Write out only the final part of the records below. It begins with the line that contains "Aptamers Market By Type" and ends with the last line.

### INPUT RECORDS:
[Start of section]

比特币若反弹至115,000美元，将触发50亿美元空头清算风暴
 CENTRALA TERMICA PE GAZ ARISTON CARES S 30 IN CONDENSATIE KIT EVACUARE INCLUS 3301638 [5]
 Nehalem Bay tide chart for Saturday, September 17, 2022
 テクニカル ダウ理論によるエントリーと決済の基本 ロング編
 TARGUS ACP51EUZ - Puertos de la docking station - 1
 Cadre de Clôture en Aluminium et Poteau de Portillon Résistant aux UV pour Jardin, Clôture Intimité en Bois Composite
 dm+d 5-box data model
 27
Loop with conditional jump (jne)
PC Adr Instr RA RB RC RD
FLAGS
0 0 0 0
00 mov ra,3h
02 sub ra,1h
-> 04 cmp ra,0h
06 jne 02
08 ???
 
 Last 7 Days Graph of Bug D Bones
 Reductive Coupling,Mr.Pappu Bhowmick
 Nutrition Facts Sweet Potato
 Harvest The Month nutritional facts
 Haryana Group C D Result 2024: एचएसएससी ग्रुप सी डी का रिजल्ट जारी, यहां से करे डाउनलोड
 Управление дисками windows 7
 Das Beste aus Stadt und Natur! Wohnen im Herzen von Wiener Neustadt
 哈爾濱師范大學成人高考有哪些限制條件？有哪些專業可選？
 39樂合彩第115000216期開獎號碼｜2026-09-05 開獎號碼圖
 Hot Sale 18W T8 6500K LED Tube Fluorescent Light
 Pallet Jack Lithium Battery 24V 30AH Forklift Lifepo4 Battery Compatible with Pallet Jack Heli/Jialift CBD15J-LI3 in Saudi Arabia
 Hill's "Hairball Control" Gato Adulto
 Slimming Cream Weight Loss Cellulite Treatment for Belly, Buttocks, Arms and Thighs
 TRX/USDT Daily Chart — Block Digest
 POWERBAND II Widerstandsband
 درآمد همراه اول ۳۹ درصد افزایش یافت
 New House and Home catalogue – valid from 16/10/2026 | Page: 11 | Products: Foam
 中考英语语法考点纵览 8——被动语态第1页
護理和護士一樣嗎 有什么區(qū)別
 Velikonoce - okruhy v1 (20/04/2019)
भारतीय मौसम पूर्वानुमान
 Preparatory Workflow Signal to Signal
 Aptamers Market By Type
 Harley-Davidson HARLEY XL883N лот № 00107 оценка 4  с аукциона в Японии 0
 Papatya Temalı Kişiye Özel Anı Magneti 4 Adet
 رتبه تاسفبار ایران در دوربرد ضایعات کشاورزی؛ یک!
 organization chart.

[End of section]

### OUTPUT FOR THIS EXERCISE:
 Aptamers Market By Type
 Harley-Davidson HARLEY XL883N лот № 00107 оценка 4  с аукциона в Японии 0
 Papatya Temalı Kişiye Özel Anı Magneti 4 Adet
 رتبه تاسفبار ایران در دوربرد ضایعات کشاورزی؛ یک!
 organization chart.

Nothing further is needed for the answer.